# History of concussion



## SUEV (Apr 28, 2011)

Hi all!
Would V15.52 (hx of traumatic brain injury) or V15.59 (hx of injury) be better to use for a "history of concussions x 3".  I'm not sure what qualifies as "traumatic". 
Thanks-Sue


----------



## JillSmithers (Aug 6, 2014)

*History of Concussions - Athlete*

I would love to know this as well. I have a professional athlete who has suffered from multiple concussions in the past playing football. I have 310.2 (Concussion syndrome), but would like to know if V15.52 or V15.59 would be the best choice.


----------



## MarcusM (Aug 6, 2014)

Once a TBI diagnosis is entered into the insurance carrier system, then that diagnosis never goes away, even if the TBI was mild in nature without permanent damage.
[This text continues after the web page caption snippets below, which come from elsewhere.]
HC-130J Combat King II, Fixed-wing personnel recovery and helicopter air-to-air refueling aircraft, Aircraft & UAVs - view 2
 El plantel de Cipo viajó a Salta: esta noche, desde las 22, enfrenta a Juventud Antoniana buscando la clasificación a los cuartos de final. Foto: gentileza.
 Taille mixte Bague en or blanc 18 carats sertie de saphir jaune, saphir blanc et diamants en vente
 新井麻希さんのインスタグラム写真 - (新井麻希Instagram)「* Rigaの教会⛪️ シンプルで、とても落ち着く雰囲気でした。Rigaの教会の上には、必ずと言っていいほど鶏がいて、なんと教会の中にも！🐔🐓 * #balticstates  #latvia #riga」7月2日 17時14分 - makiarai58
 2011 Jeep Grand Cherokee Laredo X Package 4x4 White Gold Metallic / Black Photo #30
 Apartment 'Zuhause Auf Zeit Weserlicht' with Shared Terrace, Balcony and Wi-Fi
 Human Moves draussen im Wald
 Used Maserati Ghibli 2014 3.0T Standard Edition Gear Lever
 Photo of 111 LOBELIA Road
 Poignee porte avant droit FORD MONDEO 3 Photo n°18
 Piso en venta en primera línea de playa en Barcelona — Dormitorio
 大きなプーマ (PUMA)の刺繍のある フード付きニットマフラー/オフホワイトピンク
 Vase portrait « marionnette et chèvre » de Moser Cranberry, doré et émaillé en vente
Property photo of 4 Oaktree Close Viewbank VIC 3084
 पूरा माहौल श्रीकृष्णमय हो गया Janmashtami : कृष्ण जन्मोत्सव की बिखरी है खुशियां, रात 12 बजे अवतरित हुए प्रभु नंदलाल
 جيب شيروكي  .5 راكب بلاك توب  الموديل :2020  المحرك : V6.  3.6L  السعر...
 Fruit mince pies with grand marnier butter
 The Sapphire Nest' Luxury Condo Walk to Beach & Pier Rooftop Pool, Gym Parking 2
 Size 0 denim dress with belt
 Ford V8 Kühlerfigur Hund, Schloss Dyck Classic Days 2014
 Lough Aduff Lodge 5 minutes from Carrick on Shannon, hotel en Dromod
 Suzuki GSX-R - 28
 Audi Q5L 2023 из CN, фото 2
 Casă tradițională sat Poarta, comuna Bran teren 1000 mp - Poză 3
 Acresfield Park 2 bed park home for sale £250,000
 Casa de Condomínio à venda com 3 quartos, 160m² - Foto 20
Your doctor needs to be as accurate as possible with these type diagnosis codes.

http://www.mayoclinic.org/diseases-...ssion-syndrome/basics/definition/con-20032705 offers:
"Post-concussion syndrome is a complex disorder in which a variable combination of post-concussion symptoms — such as headaches and dizziness — last for weeks and sometimes months after the injury that caused the concussion."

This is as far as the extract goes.